Question

What is Bandwidth? Write its value in the LCR circuit.

Answer 1

Hint: In order to solve this question we need to understand Capacitance, inductor and resistance. Capacitor is an electrical device that is used to store energy in form of charges, an inductor is an electrical device which is used to store energy in the form of a magnetic field and resistance is as an electrical device which is used to derive current in circuit. So when the inductor, capacitor and resistance are connected in series with AC Voltage then it is known as LCR circuit. LCR circuit initially shows inductive behavior and later it shows capacitive behavior.

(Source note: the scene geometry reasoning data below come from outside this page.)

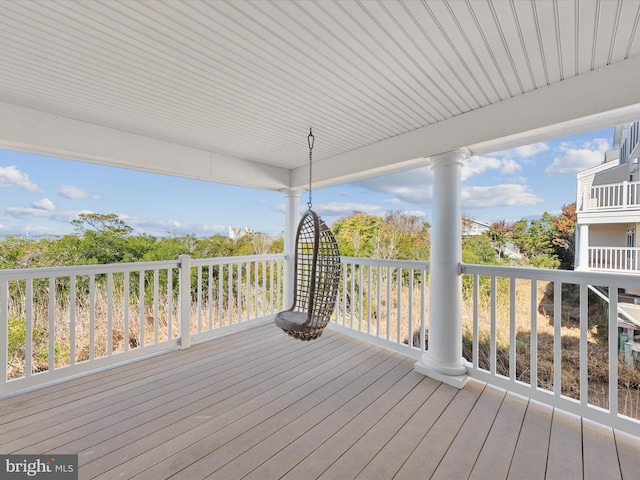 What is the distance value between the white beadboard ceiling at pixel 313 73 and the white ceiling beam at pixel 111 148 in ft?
0.05

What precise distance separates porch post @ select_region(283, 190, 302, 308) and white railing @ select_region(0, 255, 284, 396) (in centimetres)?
16

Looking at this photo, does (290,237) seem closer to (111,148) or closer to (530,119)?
(111,148)

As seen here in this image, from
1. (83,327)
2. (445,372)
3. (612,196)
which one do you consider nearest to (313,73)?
(612,196)

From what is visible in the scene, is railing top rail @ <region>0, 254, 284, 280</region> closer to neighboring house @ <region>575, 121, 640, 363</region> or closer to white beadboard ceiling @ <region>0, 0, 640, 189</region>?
white beadboard ceiling @ <region>0, 0, 640, 189</region>

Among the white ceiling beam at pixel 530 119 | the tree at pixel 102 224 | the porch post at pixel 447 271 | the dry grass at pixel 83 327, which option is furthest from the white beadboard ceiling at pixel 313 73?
the tree at pixel 102 224

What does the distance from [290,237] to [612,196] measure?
370cm

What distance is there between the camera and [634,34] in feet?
4.72

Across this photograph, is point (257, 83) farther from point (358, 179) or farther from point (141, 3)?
point (358, 179)

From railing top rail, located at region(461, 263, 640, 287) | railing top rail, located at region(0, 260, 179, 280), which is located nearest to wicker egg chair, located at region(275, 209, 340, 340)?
railing top rail, located at region(461, 263, 640, 287)

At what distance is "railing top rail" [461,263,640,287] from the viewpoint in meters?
1.80

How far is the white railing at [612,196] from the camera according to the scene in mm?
2100

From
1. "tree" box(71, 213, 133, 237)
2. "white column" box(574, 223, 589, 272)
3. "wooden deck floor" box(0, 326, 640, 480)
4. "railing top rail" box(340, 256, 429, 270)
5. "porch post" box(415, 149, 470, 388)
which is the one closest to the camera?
"wooden deck floor" box(0, 326, 640, 480)

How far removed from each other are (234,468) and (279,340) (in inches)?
77.8

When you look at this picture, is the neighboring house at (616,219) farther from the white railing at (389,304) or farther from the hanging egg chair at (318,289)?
the hanging egg chair at (318,289)
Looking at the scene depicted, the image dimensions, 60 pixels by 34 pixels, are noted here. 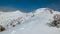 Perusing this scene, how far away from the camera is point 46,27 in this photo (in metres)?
10.7

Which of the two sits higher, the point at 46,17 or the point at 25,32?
the point at 46,17

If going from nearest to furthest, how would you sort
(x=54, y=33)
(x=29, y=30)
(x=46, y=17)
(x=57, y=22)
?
(x=54, y=33)
(x=29, y=30)
(x=57, y=22)
(x=46, y=17)

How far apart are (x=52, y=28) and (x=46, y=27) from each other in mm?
421

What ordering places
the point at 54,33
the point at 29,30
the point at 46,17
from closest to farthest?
the point at 54,33 → the point at 29,30 → the point at 46,17

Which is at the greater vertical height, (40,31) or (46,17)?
(46,17)

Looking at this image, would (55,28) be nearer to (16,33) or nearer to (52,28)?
(52,28)

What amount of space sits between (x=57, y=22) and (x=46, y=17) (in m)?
1.60

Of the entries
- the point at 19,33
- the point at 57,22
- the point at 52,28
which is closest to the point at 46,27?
the point at 52,28

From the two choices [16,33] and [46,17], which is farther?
[46,17]

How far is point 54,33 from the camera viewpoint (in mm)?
9625

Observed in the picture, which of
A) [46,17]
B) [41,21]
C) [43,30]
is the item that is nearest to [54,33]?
[43,30]

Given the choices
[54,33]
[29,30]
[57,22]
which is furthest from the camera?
[57,22]

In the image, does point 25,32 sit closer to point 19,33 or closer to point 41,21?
point 19,33

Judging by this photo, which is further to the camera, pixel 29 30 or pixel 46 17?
pixel 46 17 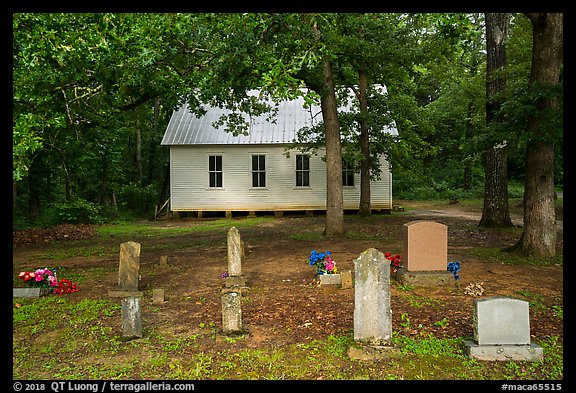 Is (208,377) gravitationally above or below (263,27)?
below

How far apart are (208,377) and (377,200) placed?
67.2 ft

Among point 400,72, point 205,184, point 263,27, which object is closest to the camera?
point 263,27

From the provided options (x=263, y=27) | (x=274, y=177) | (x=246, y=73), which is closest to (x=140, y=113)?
(x=274, y=177)

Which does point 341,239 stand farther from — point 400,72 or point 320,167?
point 320,167

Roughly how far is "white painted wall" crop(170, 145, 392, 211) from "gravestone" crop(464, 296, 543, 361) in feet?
63.6

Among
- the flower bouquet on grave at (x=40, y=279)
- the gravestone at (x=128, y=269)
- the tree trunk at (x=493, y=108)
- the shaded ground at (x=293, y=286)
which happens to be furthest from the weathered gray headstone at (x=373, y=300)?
the tree trunk at (x=493, y=108)

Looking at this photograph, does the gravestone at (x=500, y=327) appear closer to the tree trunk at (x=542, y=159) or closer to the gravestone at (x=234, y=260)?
the gravestone at (x=234, y=260)

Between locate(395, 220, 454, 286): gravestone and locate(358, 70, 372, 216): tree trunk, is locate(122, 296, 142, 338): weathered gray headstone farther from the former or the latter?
locate(358, 70, 372, 216): tree trunk

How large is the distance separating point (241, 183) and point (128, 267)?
16.4m

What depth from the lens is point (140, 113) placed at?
2345cm

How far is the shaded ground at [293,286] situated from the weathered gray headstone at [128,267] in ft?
1.35

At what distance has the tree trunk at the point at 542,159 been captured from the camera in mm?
10500

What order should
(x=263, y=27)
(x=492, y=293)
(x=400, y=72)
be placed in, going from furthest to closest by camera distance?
(x=400, y=72), (x=263, y=27), (x=492, y=293)

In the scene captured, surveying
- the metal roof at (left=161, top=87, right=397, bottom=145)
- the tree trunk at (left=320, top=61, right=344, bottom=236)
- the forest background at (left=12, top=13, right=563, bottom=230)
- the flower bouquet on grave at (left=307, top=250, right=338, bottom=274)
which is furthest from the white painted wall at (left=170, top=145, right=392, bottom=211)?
the flower bouquet on grave at (left=307, top=250, right=338, bottom=274) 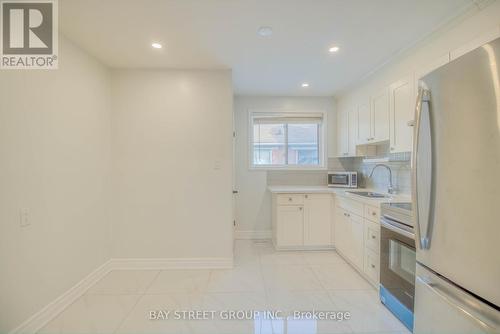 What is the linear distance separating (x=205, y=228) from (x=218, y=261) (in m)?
0.44

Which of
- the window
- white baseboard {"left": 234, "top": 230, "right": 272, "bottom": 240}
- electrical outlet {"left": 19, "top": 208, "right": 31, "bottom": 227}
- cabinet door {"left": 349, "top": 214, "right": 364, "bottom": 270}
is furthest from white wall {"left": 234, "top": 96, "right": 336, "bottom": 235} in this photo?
electrical outlet {"left": 19, "top": 208, "right": 31, "bottom": 227}

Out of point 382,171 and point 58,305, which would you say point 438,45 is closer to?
point 382,171

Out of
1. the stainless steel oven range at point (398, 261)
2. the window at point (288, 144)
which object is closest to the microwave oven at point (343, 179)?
the window at point (288, 144)

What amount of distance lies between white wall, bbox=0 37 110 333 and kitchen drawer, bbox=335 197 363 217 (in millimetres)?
2963

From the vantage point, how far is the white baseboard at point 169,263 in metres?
2.77

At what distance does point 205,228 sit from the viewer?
280 cm

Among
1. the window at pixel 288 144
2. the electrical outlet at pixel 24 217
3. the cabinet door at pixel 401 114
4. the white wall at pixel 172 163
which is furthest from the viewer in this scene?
the window at pixel 288 144

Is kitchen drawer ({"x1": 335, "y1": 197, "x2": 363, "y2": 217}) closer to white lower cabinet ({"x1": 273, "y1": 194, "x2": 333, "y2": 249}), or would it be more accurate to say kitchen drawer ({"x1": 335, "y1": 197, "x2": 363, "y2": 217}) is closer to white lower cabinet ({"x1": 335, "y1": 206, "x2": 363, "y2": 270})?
white lower cabinet ({"x1": 335, "y1": 206, "x2": 363, "y2": 270})

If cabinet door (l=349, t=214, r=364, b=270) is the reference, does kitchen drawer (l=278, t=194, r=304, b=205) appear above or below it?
A: above

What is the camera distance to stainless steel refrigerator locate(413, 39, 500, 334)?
906 mm

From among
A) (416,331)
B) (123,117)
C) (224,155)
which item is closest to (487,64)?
(416,331)

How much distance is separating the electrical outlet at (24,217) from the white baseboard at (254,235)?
108 inches

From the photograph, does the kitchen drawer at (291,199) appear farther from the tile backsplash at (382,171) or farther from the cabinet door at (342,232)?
the tile backsplash at (382,171)

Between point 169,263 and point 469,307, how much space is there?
271cm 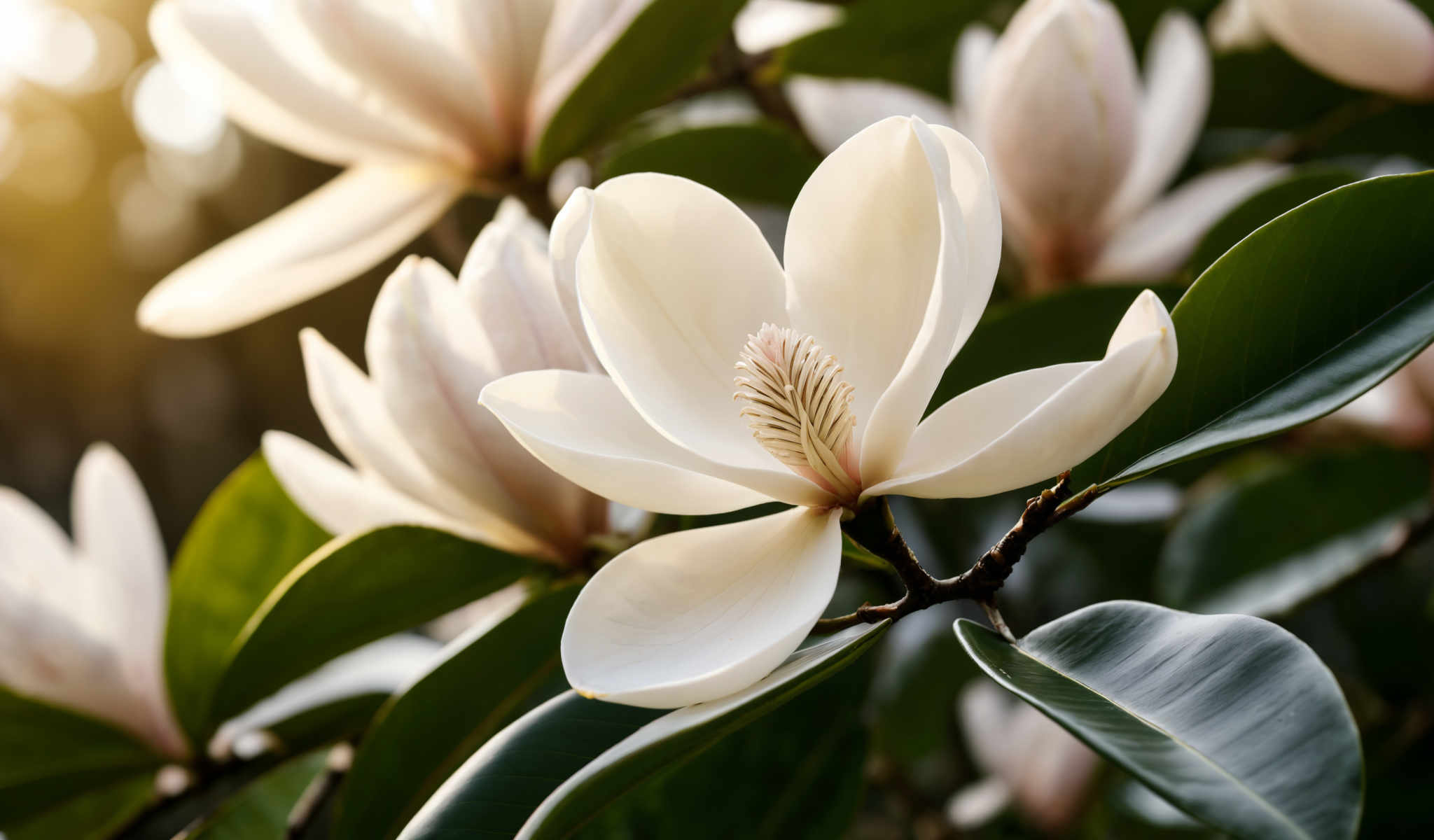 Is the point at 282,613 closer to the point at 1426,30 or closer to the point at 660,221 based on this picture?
the point at 660,221

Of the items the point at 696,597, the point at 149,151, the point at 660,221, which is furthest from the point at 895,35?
the point at 149,151

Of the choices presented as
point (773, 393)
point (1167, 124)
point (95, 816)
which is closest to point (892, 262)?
point (773, 393)

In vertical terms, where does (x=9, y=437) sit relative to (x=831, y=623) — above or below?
below

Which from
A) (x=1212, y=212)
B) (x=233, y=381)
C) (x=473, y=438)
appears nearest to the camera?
(x=473, y=438)

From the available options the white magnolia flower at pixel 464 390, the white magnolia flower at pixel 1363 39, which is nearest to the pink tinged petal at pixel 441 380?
the white magnolia flower at pixel 464 390

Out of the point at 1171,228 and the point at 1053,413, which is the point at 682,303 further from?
the point at 1171,228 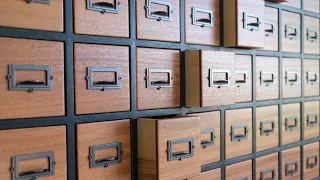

Complete step by step answer:
Bandwidth in an LCR circuit is defined as the difference between two half frequencies. Half frequencies are those frequencies for which the power dissipation is half the maximum value. To find the bandwidth of an LCR circuit, we need to find the resonant frequency and quality factor.Consider an inductor “L”, Capacitor “C” and Resistance “R” connected in series with each other.Let “Z” be the impedance in circuit, then we know Z can be written as;
$Z = {[R^2 + ({X_L}^2 - {X_C}^2)]^{\dfrac{1}{2}}}$
Here, $\omega $ is the angular frequency in the circuit.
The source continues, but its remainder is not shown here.